Jack Dennison of Normanton received a Distinguished Flying Medal (DFM) for carrying out night reconnaissance flights for the RAF across France and Germany.
His squadron took photographs from a Wellington Mark III aircraft and Sgt Dennison’s role was to spot any enemy within two seconds and shoot them down first.
The average life span for a rear gunner was only three weeks, but the grandfather-of-two went on to complete 30 missions and live until he was 89.
He dedicated years to the Poppy Appeal and was a former president of the Normanton, Altofts and Whitwood branch of the Royal British Legion (RBL), which will hold a military funeral for him next week.
His daughter Sue Eames of Altofts said: “He never talked about the war, but it was obvious that it had a great affect on him.
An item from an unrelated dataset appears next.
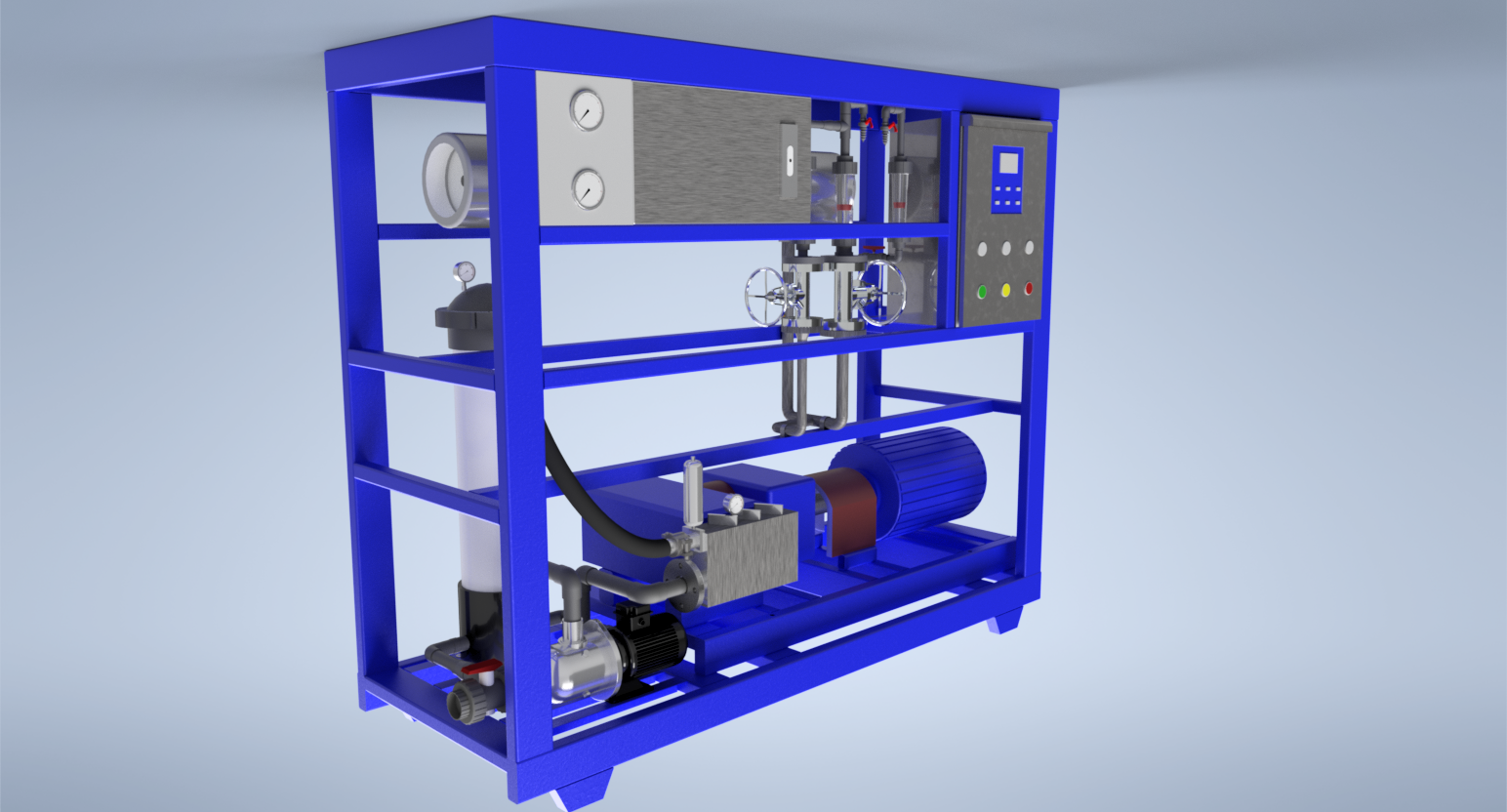 Huantuo Environmental Protection,Reverse Osmosis System,Environmental protection equipment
“He was a very proud man and the RBL meant so much to him. I remember our house being full of poppies.”
Although Mr Dennison remained modest about his war contribution, his actions were captured in memoirs written by fellow 69 Squadron navigator Flt Sgt Stan Phillips.
Flt Sgt Phillips wrote: “His alertness, his eyesight, his steady nerves - was to be our two seconds separating here from eternity.”
Mr Dennison grew up on Snydale Road, Normanton, and lived with his late wife Ann on Castleford Road before moving around the country to get the best care possible for their late son Alan, who had cerebral palsy.
They returned to Snydale Road in 1967, where they lived for nearly 40 years. Mr Dennison later lived in Ripley Court, then The Chestnuts nursing home, where he died on Saturday, June 30.
He worked as a groundsman at Normanton Secondary Modern School, which is now Freeston Academy, and was head gardener in Haw Hill Park.
On Tuesday a funeral procession will leave The Chestnuts on Church Road, Altofts, at 11.30am, ahead of a service at Pontefract Crematorium at noon, where RBL members will form a guard of honour.